Reproduce word for word the lines between those holding "日本 立正品n4000美容仪脸部导入仪正负离子毛孔清洁仪4档美容器" and "Volkswagen Tiguan 2023", inclusive, and nothing else from the data below.

[Opening Data in this exercise section]

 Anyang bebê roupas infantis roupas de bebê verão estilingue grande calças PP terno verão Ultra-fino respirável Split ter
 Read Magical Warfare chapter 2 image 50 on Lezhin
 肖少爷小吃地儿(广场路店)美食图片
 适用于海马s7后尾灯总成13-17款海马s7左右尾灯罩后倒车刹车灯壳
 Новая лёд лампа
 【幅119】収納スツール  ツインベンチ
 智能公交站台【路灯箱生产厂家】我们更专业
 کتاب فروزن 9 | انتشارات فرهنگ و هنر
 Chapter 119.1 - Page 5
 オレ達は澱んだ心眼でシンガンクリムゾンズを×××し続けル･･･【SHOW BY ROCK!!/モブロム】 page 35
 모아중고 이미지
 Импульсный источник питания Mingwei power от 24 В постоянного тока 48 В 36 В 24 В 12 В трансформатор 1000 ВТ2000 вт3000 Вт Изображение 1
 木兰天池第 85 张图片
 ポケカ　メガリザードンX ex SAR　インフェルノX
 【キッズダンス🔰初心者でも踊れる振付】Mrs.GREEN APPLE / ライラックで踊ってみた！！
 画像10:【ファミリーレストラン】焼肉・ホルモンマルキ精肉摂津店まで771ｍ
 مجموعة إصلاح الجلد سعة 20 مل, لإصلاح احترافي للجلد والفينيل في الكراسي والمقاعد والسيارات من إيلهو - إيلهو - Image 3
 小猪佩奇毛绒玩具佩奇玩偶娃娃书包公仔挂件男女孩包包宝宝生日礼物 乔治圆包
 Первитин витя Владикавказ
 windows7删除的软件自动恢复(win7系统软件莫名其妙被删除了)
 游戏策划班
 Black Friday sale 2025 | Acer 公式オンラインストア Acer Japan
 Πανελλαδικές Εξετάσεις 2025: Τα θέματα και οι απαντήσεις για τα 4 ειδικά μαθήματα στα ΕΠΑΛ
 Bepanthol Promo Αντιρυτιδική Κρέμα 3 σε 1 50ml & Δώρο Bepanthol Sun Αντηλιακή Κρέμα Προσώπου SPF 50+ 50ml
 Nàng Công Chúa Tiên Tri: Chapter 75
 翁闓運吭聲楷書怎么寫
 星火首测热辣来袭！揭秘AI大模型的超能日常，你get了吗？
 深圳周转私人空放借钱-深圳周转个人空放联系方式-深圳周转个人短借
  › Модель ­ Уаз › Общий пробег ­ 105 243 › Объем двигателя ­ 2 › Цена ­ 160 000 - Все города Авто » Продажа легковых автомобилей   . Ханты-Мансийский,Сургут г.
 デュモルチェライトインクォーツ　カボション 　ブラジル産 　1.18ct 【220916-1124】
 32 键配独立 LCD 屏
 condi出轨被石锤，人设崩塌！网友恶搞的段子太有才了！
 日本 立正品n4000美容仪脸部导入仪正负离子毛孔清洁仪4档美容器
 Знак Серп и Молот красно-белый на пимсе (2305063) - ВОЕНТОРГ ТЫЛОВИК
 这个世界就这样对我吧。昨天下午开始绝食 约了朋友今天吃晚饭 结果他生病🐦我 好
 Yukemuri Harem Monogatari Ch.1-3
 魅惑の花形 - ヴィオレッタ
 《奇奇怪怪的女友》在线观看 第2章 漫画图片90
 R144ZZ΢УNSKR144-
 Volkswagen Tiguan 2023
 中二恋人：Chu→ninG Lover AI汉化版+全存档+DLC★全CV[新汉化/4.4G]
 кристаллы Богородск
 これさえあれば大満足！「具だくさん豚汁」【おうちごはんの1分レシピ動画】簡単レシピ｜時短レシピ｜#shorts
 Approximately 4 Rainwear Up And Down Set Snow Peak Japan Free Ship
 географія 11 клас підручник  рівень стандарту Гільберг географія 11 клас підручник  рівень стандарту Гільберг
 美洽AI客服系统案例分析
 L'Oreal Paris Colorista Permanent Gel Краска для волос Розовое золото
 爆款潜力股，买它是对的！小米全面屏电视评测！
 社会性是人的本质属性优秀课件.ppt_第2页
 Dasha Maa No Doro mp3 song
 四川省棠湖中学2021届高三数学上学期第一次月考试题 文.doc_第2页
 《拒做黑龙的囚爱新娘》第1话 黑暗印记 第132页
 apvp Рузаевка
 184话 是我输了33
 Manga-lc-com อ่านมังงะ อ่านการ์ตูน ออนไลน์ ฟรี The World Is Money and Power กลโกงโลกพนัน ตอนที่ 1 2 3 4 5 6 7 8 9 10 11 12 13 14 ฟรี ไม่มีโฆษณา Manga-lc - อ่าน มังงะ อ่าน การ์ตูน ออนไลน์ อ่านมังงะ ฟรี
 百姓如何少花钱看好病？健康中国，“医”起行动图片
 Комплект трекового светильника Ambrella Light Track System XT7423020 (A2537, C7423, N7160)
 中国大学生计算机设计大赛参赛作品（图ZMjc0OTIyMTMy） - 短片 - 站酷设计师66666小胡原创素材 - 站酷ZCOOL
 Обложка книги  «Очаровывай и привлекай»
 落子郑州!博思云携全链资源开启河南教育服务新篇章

[Closing Data in this exercise section]

Result of this exercise:
 日本 立正品n4000美容仪脸部导入仪正负离子毛孔清洁仪4档美容器
 Знак Серп и Молот красно-белый на пимсе (2305063) - ВОЕНТОРГ ТЫЛОВИК
 这个世界就这样对我吧。昨天下午开始绝食 约了朋友今天吃晚饭 结果他生病🐦我 好
 Yukemuri Harem Monogatari Ch.1-3
 魅惑の花形 - ヴィオレッタ
 《奇奇怪怪的女友》在线观看 第2章 漫画图片90
 R144ZZ΢УNSKR144-
 Volkswagen Tiguan 2023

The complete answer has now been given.